Just as the judge is about to announce the sentence, a rather rum figure who calls himself ‘Professor Canford’ (Cecil Parker) proposes an “unorthodox approach” to punishment, and soon Canford and his potty headmistress–Miss Harker-Parker (played by the adorably cuddly Irene Handl) are given custody of the girls. Harker-Parker, by the way is the only one “who can produce a certificate to prove” her sanity. Canford plans to take the sixth form girls out of the country on a cruise to Greece, and to impress the Ministry he hosts a St Trinian’s Culture festival–and this includes such events as a paint battle, a fashion show that consists of tattily dressed urchins parading around, and then the “final outrage,” a version of Hamlet–complete with a striptease.

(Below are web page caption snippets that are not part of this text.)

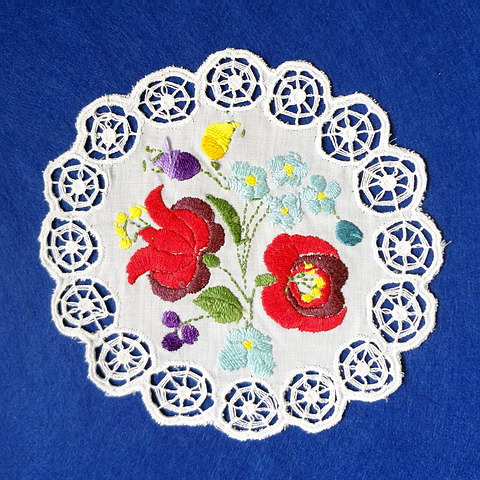 [19770]ハンガリー　ヴィンテージ　刺繍ドイリー　赤いお花　15.5cm _e0141025_1337353.jpg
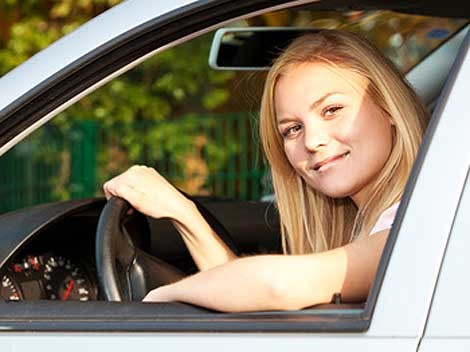 pendlerin © Kaarsten, Fotolia.com Pendlerzuschlag für Geringverdiener © Kaarsten, Fotolia.com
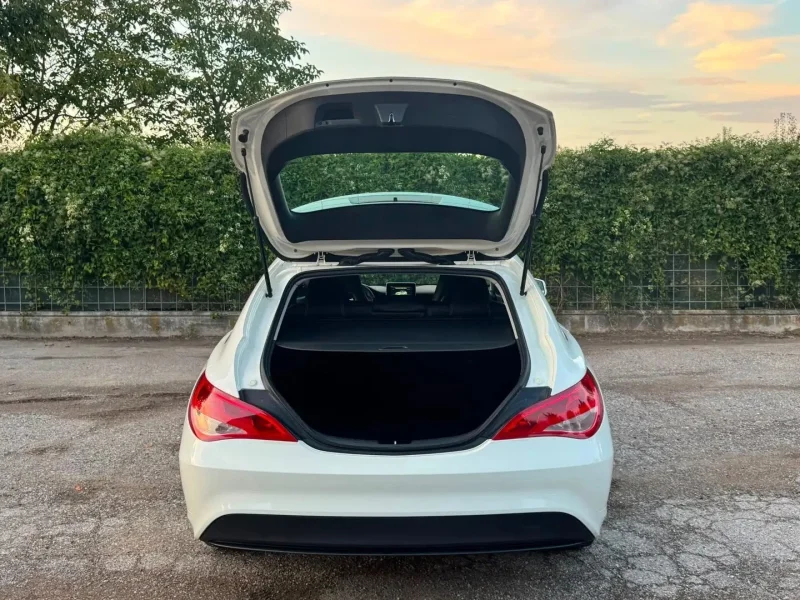 Mercedes-Benz CLA 180 d Executive FL — foto 13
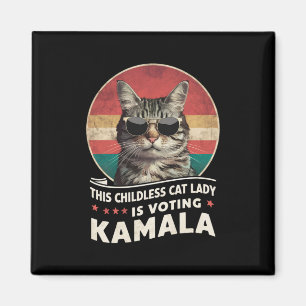 Diese kinderlose Katzenlady wählt Kamala Magnet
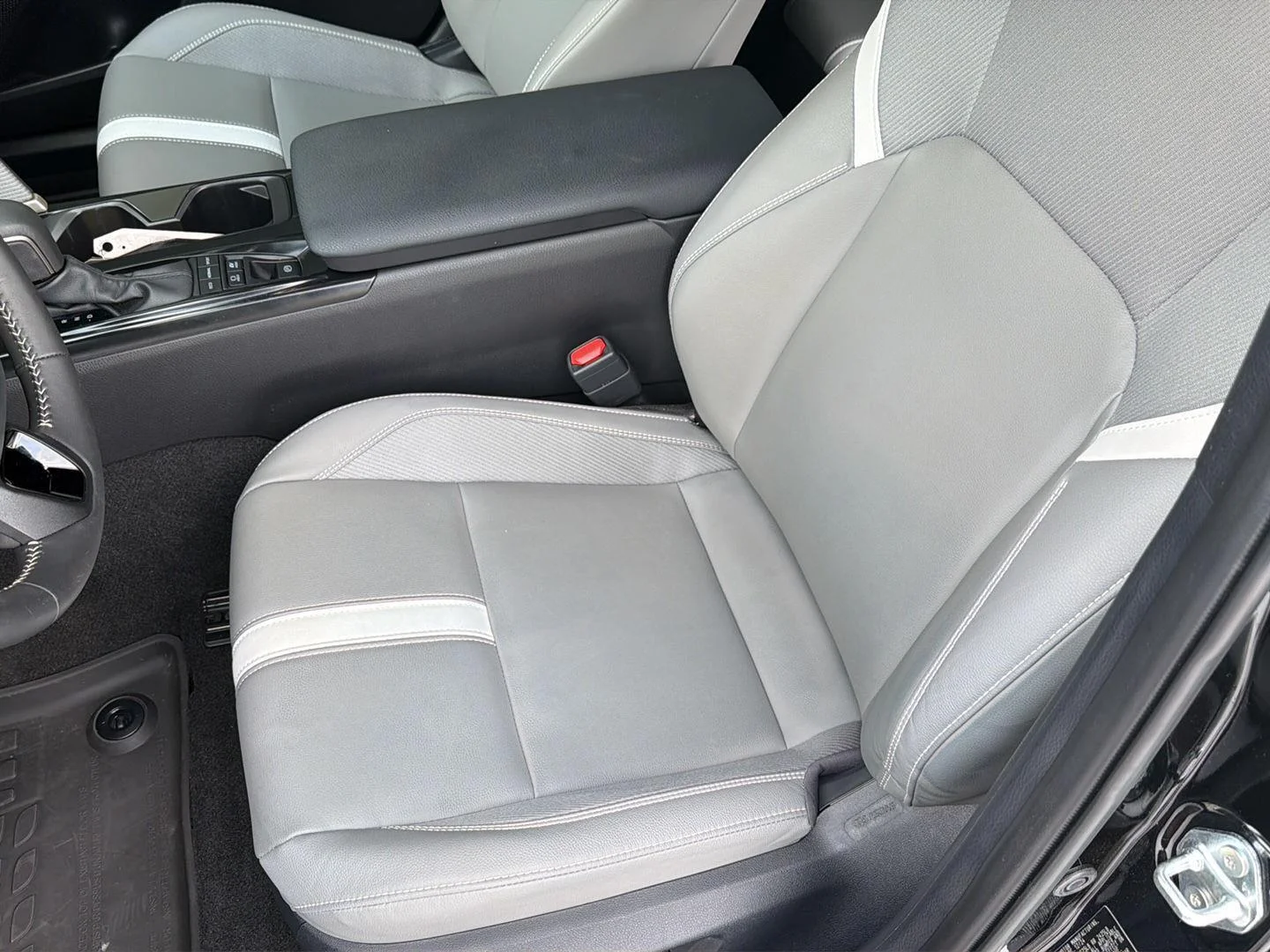 Used 2025 Midnight Black Metallic Toyota SE image 29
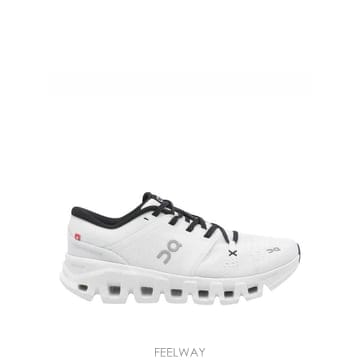 26FW 온 러닝 화이트 Cloud X5 스니커즈 3WG30060462 TP581566695
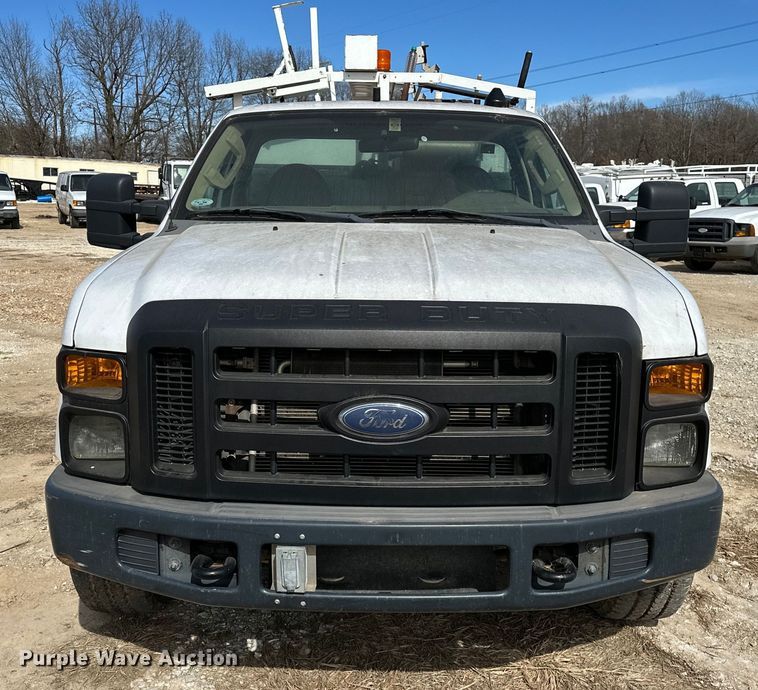 image for item OM9883 2008 Ford  F350 Super Duty XL utility bed pickup truck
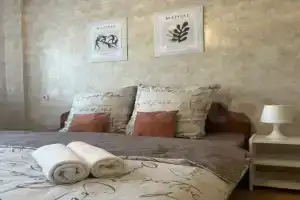 V Stile Staroj Italii Dlya Cemejnogo Otdyxa Flat, Angarsk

Canford leaves for Greece with the sixth form, and Policewoman Ruby Gates (Joyce Grenfell) succumbs to pressure from her fiance of 14 years–Sgt Sammy– to stow away on the ship packrat fashion–along with her recorder–and report back on the actions of the somewhat fishy Canford.

Soon “Operation Gymslip” is launched after the entire sixth form disappears. The British government decides the kidnapped sixth form must be saved as “after all, they are British,” but to avoid an international incident, the operation is secret. A mobile bath unit of the British Army (awaiting supplies of gin) is activated, and 2 school inspectors are dispatched with edible instructions. Serious help is on the way as the rest of the vicious St Trinians mob dash to the rescue.

This is yet another wonderful addition to the St Trinian’s series. Old favourites are here–the liftman from the Ministry of Education, George Cole as Flash Harry (and we see his tattoo in this film) has a much bigger role, and the 2 school inspectors, Culpepper-Brown and Butters return, and of course, the forever engaged “local copper’s moll” Ruby Gates (Joyce Grenfell) is back in a much-expanded role as the lovelorn, long-suffering policewoman, Ruby Gates.. Newcomers in this film include Cecil Parker and Irene Handl, but also Dennis Price as the marvelously snobby MP, Gore Blackwood, and Sid James–a truly great comedian–has a small role as Alphonse O’Reilly. One of the funniest sub-plots in the film shows the vicious hierarchy within the Ministry of Education, but even this hierarchy crumbles before The Pure Hell of St Trinian’s. From director Frank Launder and written by Sidney Gilliat and Frank Launder.

Some quotes:

“You’ve got hold of the dirty end of the stick there, gov.”

“Morals is not going out with boys after dark.”

“I will give you the grift for 200 knicker and a safe passage to Ostend.”

“The outbursts of hooliganism are really intolerable.”

“Stands to reason they couldn’t be anything other than round the bend.”

“Interpol will take care of you.”

“Bitterness does not become you, my dear.”

Where was your self-control?”

“There’s only one thing for it…mutiny.”

“Play for me, gyspy.”

“I understand you’re partly responsible for providing me with these hellcats.”

“Well instead of calling me Flash Harry, they’re going to call me Flesh Harry. What will my mum think?”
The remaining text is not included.